Ce qui est le plus inquiétant est que derrière toutes ces machines il y a toujours un humain derrière, même le robot est dirigé par un être humain autre que le roi. C’est l’utilisation que nous faisons de la technologique qui la rend mauvaise, alors qu’elle devrait aider à sécuriser elle est utilisée pour contrôler. Ce robot peut être ainsi être une critique des nouvelles technologies et leur impact sur notre monde lorsqu’elles sont utilisés au mauvais escient, sur le fait qu’on ne peut plus vivre librement dans une société de la surveillance. Ce robot va être une allégorie de l’échec d’une société, tous les objets « électroniques » sont tournés en dérision ou alors montré comme négatif, insuffisant. Le robot quant à lui ne va pas être tourné au ridicule, au contraire, il va être la représentation du basculement du pouvoir. Il va écraser le pouvoir mis en place par le roi grâce à l’oiseau qui va en prendre les commandes.

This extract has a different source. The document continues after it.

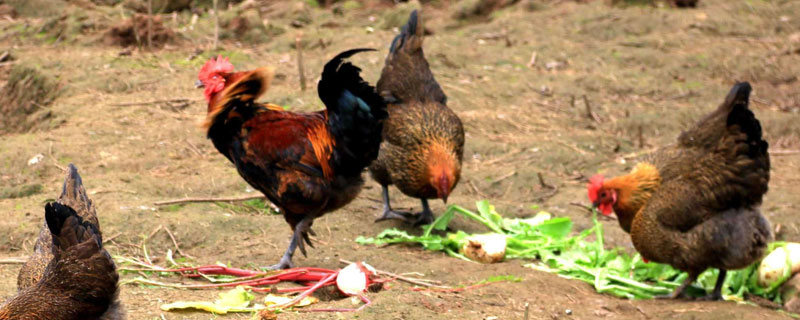 林地建<a href=https://www.dadasou.com/ny/yangzhi/ target=_blank class=infotextkey>养殖</a>场违法吗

L’automate va finalement donner une note positive à ce film qui semble assez pessimiste sur la société et son devenir, il devient le symbole de la liberté alors qu’il est assis comme Le penseur de Rodin, il est face à un profond dilemme, à une crise existentielle. Il écrase la cage d’un petit oiseau emprisonné depuis le début du film, ce n’est plus l’oiseau qui le commande mais bel et bien son propre être (si l’on peut dire cela d’un robot). Il n’est plus dans la destruction, il va désormais servir le peuple qui va pouvoir enfin s’enfuir de cette dictature (nous voyons les traces de leurs pas dans le sable à la fin du film). Le robot passe du côté des libérateurs et non plus dans celui des tyrans, il n’est plus une représentation du pouvoir du roi mais de celui du peuple.

 

Pour conclure :

Par les moyens de l’animation Prévert et Grimault ont pu concevoir un monde totalement imaginaire qui se base sur des principes du monde réel.  Nous remarquons une étrange ressemblance avec le monde dans lequel nous vivions et nous vivons encore aujourd’hui. Une société dans laquelle la surveillance des masses prend le pas sur les libertés, où la technologie permet de contrôler plutôt que de sécuriser. Les décors ainsi que les personnages vont permettre aux réalisateurs de concevoir une mini-société qui décrit une surveillance globale de notre monde.